Aaron Rodgers goes down and nothing is right in Packerland.
Mike McCarthy forgot how to coach. General Manager Ted Thompson is an idiot. Dom Capers? Is it true his middle name starts with an "F"?
The offense is boring and the defense can't stop a runny nose. The only Green Bay institutions escaping criticism these days are Kroll's and the church booyah feed. The only thing for sure is that the circular firing squad is now in session among Packers after the team lost three straight with Rodgers' snapped a collarbone. Everything sucks, they say. All is lost. Everyone at 1265 Lombardi is stupid.
A Hall of Fame quarterback in-waiting covers up a lot of warts and Rodgers did that and then some during the five games he finished this season. Folks making February hotel reservations in the Twin Cities after the 4-1 start are now cursing the Packers brass after the Monday night loss to the Lions. Rodgers' loss is massive, revealing cracks in what looked to be a Super Bowl foundation.
Rodgers' departure is one of injuries that laid waste to a Packers roster that looked good enough on paper in August to make them many an expert's choice to go to LII. Other teams lost QB's, too, and seem to be maintaining--Minnesota is winning with third-stringer Case Keenum--but when Rodgers left, Green Bay got exposed, especially on the defensive side of the ball. It couldn't get off the field at the end of the Dallas victory and it was on #12 and the offense to save the team's bacon.
That's when times were good.
Head coaches get second-guessed. So do assistants. Players are always fair game, and so are General Managers. Ted Thompson took a free-agent flier unlike any he's ever done before in signing Martellus Bennett and others during the past off-season. The same fans calling for his head in November are the same ones who wanted him out of town back in March for not fluffing the roster with available, veteran talent. We like to call ourselves "knowledgeable" but the fact is we're just as fickle, emotional and hypocritical as those who follow other teams. Sorry. Rip McCarthy for being too cautious with Hundley. Tear Capers apart for a predictable, underachieving "D", but leave Thompson alone when it comes to rolling the dice. If you want to have at him for anything, light him up for not owning the Bennett issue, leaving it to McCarthy to squirm, hedge, parse and finally get snarky with reporters after their 15th question about a player who never fit.
Accountability was a hallmark of the Bob Harlan/Ron Wolf era, when a front office treated the fans it claimed to admire with respect. That's the least they could do after decades of loyalty through lean years and a stock campaign or two that garnered millions in return for "shares" that amount to worthless receipts. GM Wolf answered any and all questions, good times and bad. He was great copy when winning, brutally honest in defeat, as in the "fart in the wind" label he hung on his team after losing Super Bowl XXXII to the Broncos.

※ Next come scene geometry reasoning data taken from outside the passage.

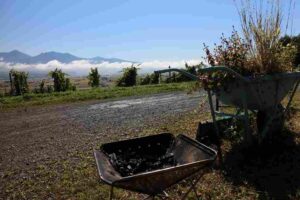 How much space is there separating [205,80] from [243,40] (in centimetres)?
88

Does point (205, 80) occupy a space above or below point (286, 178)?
above

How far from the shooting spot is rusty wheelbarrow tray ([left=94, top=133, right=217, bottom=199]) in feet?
8.81

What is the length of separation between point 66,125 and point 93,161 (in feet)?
12.8

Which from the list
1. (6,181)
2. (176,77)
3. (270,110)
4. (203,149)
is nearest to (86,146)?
(6,181)

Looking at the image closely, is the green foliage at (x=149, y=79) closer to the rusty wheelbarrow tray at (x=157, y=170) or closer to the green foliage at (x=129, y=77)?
the green foliage at (x=129, y=77)

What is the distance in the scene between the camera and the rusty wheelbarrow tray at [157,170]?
2686 mm

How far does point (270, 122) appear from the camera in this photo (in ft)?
17.1

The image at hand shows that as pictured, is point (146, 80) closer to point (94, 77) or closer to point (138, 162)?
point (94, 77)

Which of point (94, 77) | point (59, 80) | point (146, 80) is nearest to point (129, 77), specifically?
point (146, 80)

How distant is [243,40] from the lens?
5422 millimetres

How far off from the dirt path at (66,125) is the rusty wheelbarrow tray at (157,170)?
112 inches

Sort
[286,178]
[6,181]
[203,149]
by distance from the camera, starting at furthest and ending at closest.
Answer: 1. [6,181]
2. [286,178]
3. [203,149]

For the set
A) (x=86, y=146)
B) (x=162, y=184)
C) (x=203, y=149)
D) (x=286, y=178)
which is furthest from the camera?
(x=86, y=146)

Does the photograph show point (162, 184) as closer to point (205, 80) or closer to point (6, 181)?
point (205, 80) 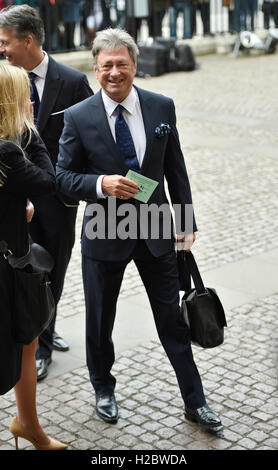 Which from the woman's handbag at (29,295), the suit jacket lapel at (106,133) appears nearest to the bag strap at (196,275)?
the suit jacket lapel at (106,133)

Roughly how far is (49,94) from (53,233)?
84 centimetres

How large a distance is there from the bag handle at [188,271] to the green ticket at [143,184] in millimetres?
483

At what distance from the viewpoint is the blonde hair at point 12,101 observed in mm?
3594

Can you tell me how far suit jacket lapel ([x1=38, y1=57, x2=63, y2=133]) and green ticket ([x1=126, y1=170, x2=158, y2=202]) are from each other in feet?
3.66

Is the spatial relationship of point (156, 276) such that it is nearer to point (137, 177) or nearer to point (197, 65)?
point (137, 177)

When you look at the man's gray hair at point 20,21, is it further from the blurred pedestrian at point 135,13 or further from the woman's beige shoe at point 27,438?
Answer: the blurred pedestrian at point 135,13

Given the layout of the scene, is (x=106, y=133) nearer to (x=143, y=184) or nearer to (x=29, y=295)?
(x=143, y=184)

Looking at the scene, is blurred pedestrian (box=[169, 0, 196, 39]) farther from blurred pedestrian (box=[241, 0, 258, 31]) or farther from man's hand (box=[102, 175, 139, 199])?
man's hand (box=[102, 175, 139, 199])

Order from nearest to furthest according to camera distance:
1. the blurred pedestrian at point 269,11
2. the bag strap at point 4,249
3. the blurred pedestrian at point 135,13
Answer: the bag strap at point 4,249
the blurred pedestrian at point 135,13
the blurred pedestrian at point 269,11

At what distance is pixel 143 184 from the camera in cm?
407

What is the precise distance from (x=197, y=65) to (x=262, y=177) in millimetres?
9429

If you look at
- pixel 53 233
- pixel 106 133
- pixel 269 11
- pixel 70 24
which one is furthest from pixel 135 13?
pixel 106 133

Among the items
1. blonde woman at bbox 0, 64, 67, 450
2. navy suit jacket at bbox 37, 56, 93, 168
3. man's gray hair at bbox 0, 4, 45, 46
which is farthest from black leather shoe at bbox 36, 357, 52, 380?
man's gray hair at bbox 0, 4, 45, 46
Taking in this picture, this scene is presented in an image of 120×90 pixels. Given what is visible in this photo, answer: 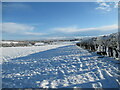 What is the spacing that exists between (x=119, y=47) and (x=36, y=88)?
7.24 meters

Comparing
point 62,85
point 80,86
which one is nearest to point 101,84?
point 80,86

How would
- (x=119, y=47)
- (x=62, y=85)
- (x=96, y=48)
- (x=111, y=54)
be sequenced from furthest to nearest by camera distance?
(x=96, y=48) < (x=111, y=54) < (x=119, y=47) < (x=62, y=85)

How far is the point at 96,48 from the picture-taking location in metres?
15.2

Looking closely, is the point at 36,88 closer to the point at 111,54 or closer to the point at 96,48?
the point at 111,54

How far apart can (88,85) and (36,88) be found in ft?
5.69

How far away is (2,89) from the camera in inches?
146

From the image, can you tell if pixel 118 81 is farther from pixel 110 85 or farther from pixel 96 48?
pixel 96 48

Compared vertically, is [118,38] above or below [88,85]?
above

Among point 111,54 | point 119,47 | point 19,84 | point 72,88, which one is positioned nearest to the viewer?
point 72,88

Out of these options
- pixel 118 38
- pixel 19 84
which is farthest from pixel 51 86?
pixel 118 38

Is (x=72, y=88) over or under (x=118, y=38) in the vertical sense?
under

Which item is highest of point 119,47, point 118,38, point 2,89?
point 118,38

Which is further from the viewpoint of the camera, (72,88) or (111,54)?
(111,54)

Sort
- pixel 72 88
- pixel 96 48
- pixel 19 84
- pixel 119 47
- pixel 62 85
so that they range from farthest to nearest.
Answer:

Thompson only talks when ordered to and, when he does, he serves up nothing-burgers. By letting silence rule, team president Mike Murphy forces McCarthy and his players to answer for the sins of the front office. The NFL isn't a democracy and fans don't have a speaking part when it comes time to pull the trigger on a free agent or decide what's needed on draft day, but they deserve the dignity of an honest take from the man who's job it is to make those calls.
Those folks in the seats are about to be tested, too: just how loyal will they be as the season plays out? Will Lambeau be packed to the rafters come December if the worst-case scenario happens and the losses mount? Or will Packers fans do what others across the country do when fed an inferior product and vote with their feet, opting to stay home or at the corner tap? Worse yet, what if they decide to put tickets that have been in the family since Uncle Klaus helped beat the Kaiser up for bid on Seat Geek? What would make for worse optics: row upon row of exposed aluminum bench for that last game against Minnesota December 23rd when the visitors might be on the cusp of a playoff berth or a full house that's half Packers, half Vikings? Do we want to live in a world where Lambeau chants of "Skol Vikings" are louder than those of "Go Pack Go"?
Everyone's on the clock here as the second half of the season is nigh. Victories fix everything but continued defeats will test the team to the core, from the fifth string DB to the most powerful of suits. Win or lose, transparency would be a welcome change from a disturbing new Green Bay tradition that has a franchise claiming to embrace its fans allowing it's GM to hold them at arm's length through good times and bad.